### Problem statement
In the records below, find the line holding "(134, розовый) 1718" and the line holding "Nike Black Fitted". Set down both, with every line between them, exactly.

[Short descriptive text snippets]
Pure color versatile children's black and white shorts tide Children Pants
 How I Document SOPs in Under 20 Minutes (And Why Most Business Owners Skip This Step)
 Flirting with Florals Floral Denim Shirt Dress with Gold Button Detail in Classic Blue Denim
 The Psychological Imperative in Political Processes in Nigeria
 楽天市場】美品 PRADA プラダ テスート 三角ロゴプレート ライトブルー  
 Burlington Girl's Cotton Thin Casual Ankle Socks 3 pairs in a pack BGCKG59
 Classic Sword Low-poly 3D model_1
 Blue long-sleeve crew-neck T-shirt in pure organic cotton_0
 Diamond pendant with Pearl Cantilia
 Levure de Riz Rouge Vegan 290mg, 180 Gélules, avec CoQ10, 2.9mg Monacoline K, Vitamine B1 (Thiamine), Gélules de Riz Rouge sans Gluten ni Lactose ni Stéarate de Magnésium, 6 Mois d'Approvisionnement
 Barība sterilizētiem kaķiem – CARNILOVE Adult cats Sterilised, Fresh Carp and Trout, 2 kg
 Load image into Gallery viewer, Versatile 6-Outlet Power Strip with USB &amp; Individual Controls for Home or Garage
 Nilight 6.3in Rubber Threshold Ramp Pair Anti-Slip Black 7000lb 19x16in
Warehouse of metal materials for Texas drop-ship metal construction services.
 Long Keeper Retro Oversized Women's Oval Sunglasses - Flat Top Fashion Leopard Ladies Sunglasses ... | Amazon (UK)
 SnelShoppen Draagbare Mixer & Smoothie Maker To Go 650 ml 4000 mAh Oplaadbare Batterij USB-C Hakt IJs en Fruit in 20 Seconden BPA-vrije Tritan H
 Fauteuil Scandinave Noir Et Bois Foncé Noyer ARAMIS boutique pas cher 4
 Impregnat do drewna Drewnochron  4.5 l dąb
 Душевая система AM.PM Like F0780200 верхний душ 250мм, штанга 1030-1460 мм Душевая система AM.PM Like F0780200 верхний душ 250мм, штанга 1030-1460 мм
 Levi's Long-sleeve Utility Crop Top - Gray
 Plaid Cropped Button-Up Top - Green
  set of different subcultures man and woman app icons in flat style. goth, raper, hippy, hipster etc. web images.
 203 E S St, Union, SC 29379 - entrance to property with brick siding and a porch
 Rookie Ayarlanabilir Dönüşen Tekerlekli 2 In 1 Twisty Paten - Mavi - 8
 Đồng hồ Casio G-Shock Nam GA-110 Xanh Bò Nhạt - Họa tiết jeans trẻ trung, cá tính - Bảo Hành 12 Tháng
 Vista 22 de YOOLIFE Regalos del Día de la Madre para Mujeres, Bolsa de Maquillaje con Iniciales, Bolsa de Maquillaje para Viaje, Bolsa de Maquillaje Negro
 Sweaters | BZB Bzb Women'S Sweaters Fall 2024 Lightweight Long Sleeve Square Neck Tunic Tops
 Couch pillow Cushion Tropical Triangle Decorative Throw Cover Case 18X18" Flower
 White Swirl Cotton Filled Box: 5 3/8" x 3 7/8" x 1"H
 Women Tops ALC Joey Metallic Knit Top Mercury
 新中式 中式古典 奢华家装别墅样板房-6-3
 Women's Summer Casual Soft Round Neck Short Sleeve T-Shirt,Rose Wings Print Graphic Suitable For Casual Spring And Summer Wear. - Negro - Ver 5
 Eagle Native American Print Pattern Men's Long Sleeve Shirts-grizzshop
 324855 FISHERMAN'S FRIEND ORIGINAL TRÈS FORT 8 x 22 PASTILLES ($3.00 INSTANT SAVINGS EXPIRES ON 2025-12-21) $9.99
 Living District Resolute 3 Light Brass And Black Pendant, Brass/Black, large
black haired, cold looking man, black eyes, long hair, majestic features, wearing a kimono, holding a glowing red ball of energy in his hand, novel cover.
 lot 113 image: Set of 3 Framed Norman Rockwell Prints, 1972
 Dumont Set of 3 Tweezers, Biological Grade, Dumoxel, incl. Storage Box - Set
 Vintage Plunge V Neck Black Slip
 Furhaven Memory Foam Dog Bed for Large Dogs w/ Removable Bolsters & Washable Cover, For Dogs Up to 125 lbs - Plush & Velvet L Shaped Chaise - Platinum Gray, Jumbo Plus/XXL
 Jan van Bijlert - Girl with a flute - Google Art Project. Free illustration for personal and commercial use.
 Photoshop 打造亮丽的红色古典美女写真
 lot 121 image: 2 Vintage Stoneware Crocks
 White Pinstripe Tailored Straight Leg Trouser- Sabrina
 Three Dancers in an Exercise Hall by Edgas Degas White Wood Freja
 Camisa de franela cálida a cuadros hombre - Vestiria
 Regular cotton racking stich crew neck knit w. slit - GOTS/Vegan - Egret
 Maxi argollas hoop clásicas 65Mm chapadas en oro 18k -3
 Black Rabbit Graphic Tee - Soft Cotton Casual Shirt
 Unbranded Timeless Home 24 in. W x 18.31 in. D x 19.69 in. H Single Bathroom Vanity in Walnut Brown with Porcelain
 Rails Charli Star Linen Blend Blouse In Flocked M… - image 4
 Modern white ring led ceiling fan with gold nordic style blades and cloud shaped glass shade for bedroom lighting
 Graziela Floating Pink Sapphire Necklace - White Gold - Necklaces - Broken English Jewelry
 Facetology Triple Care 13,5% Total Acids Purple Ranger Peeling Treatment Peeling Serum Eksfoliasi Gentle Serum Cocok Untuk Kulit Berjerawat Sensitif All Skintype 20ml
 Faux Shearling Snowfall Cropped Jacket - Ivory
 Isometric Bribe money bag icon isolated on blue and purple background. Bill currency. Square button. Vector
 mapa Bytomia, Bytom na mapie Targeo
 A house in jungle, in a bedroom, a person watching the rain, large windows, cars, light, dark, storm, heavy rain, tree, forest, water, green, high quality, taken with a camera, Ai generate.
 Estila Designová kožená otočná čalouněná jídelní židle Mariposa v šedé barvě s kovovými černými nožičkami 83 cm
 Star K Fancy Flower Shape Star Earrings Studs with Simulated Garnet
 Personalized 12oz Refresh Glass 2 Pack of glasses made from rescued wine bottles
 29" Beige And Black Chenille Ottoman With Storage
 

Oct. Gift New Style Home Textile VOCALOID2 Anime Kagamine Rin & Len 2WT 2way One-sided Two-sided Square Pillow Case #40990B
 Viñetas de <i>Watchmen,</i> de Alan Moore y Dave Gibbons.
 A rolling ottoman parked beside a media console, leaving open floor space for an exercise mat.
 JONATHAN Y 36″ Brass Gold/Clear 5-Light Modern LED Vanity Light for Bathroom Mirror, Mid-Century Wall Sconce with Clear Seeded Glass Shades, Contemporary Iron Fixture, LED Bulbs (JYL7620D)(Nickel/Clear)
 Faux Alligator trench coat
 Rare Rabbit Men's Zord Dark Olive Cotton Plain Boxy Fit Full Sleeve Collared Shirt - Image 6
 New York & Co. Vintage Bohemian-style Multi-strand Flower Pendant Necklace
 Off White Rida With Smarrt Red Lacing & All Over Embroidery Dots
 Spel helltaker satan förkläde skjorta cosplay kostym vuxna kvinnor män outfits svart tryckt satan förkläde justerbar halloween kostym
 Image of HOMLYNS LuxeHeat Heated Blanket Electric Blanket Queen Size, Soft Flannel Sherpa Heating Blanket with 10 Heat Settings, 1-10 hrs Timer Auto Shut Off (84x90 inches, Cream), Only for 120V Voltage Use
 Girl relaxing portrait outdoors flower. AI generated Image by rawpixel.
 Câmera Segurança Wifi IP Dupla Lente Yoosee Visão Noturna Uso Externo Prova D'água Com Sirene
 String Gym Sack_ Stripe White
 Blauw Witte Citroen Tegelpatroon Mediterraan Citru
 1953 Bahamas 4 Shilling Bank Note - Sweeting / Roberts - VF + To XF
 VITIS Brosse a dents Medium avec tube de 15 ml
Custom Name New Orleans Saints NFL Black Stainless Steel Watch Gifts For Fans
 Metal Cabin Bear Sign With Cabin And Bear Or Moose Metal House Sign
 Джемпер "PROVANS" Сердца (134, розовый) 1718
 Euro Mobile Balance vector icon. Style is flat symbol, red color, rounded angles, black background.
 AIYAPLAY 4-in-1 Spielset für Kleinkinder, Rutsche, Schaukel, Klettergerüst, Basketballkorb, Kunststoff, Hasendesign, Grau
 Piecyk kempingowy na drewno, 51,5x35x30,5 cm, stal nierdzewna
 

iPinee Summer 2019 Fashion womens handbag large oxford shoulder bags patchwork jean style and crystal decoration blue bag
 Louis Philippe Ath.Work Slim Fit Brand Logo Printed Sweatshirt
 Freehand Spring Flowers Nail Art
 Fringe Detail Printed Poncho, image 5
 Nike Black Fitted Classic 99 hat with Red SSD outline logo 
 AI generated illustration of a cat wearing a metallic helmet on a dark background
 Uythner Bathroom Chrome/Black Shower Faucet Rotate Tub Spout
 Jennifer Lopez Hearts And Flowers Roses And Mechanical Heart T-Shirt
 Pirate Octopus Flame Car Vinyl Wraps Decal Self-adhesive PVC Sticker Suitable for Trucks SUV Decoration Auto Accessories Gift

### Exercise result
 Джемпер "PROVANS" Сердца (134, розовый) 1718
 Euro Mobile Balance vector icon. Style is flat symbol, red color, rounded angles, black background.
 AIYAPLAY 4-in-1 Spielset für Kleinkinder, Rutsche, Schaukel, Klettergerüst, Basketballkorb, Kunststoff, Hasendesign, Grau
 Piecyk kempingowy na drewno, 51,5x35x30,5 cm, stal nierdzewna
 

iPinee Summer 2019 Fashion womens handbag large oxford shoulder bags patchwork jean style and crystal decoration blue bag
 Louis Philippe Ath.Work Slim Fit Brand Logo Printed Sweatshirt
 Freehand Spring Flowers Nail Art
 Fringe Detail Printed Poncho, image 5
 Nike Black Fitted Classic 99 hat with Red SSD outline logo 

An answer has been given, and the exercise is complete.